Hawke’s Bay collaborative approach to coastal hazards draws international praise

A new OECD report highlights Hawke’s Bay’s collaborative and future-orientated plan for rising seas.

“As New Zealand has one of the longest coastlines in the world, addressing the risks that climate change presents with sea level rise and coastal erosion is crucial,” says Minister for Climate Change, James Shaw.

“It is happening.

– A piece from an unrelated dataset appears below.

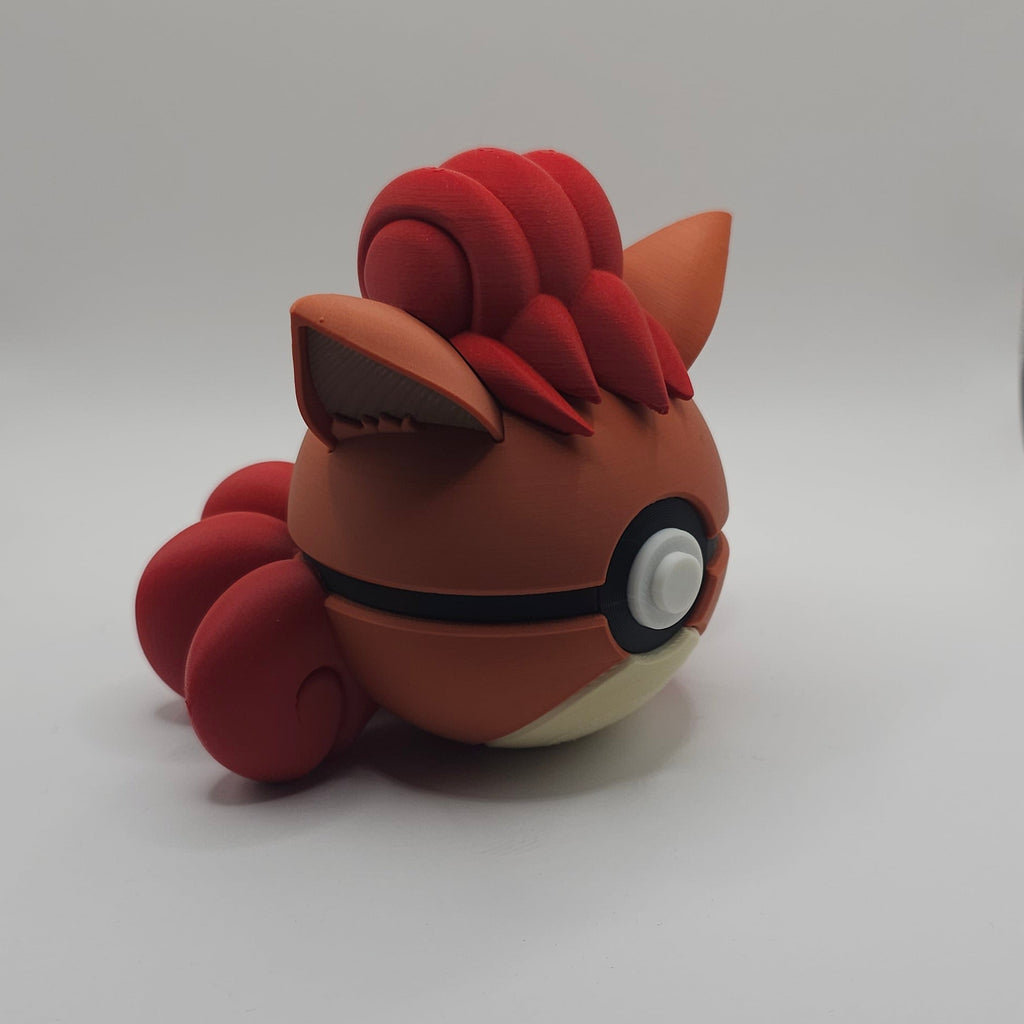 Pokemon Character Design 3D Printed Pokeball - Vulpix - Unique Display Collectible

And the OECD’s new report, aimed at helping provide guidance on how countries can manage the risks of rising seas, praises Hawke’s Bay’s first-of-its-kind collaborative strategy as a good example to follow.

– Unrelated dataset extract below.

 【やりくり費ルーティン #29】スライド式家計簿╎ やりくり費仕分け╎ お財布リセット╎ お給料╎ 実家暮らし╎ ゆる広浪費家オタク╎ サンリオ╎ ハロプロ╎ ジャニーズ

Hawke’s Bay Clifton to Tangoio Coastal Hazards Strategy 2120, was born out of a need to address the risks to vulnerable coastal settlements in its region over the next hundred years.

The strategy sees Hawke’s Bay Regional Council, Hastings District Council, and Napier City Council working together with local iwi and coastal community representatives to take a pro-active, locally-led approach to coastal hazards.

“Hawke’s Bay is the first region to use a grassroots community engagement process for consultation on this urgent issue.

“Their approach is also recommended in the Coastal Hazards and Climate Change guidance for local government, which was released by the Ministry for the Environment at the end of 2017.